* SUPPLIED MATERIAL:
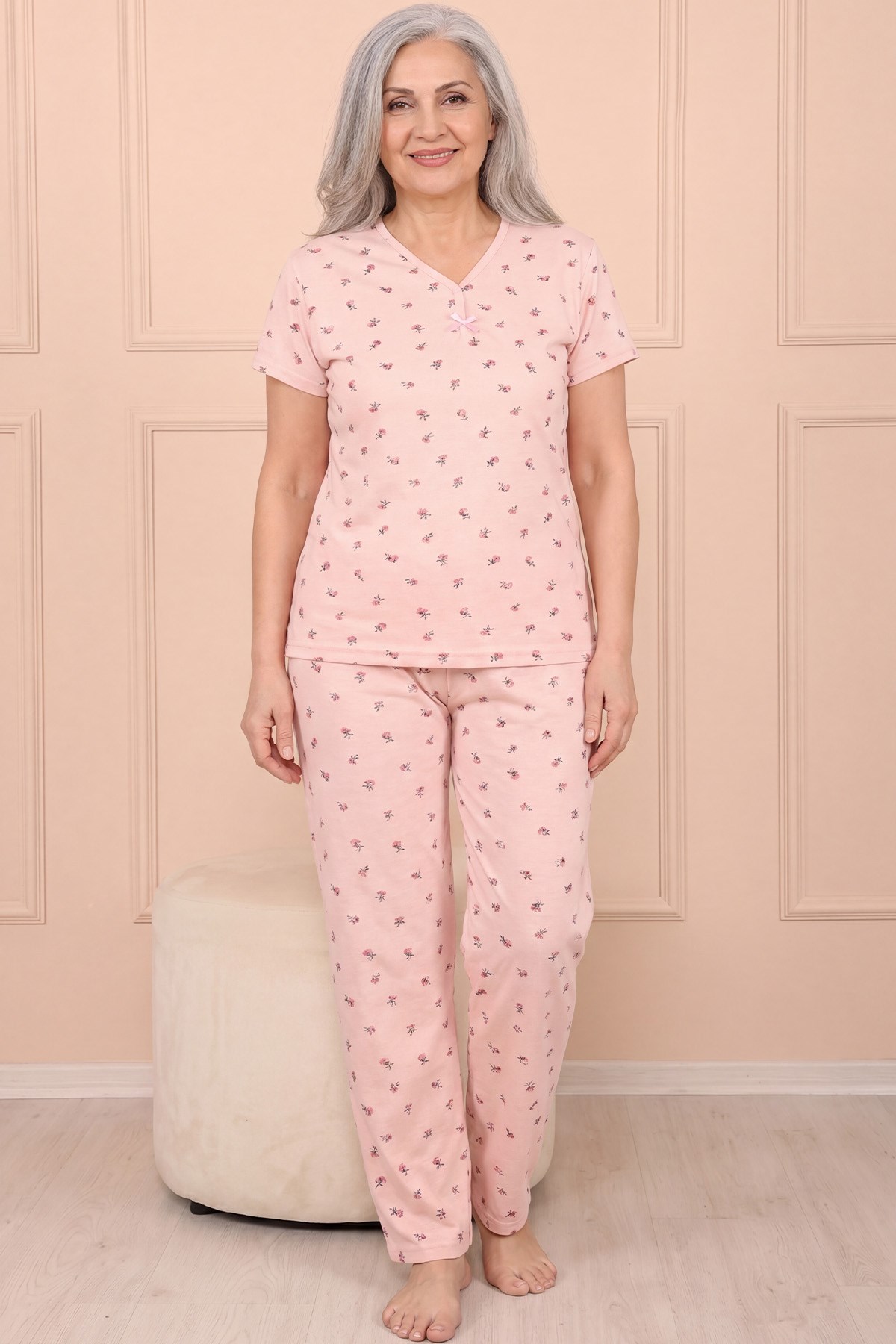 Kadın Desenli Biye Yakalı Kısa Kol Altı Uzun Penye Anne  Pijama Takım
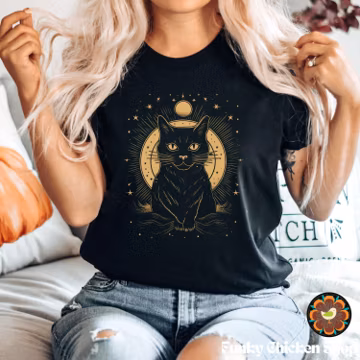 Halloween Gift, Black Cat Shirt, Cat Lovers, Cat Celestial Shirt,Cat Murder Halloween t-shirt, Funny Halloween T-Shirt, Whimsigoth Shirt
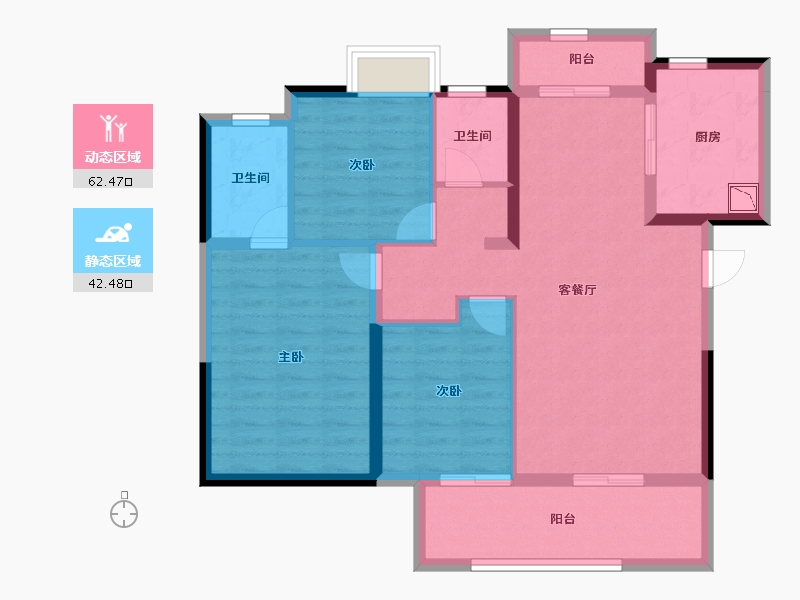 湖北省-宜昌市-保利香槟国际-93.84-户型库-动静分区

* ACTION ITEM: Each line above should be printed again exactly, though the pictures should not be.

* RESPONSE:
 Kadın Desenli Biye Yakalı Kısa Kol Altı Uzun Penye Anne  Pijama Takım
 Halloween Gift, Black Cat Shirt, Cat Lovers, Cat Celestial Shirt,Cat Murder Halloween t-shirt, Funny Halloween T-Shirt, Whimsigoth Shirt
 湖北省-宜昌市-保利香槟国际-93.84-户型库-动静分区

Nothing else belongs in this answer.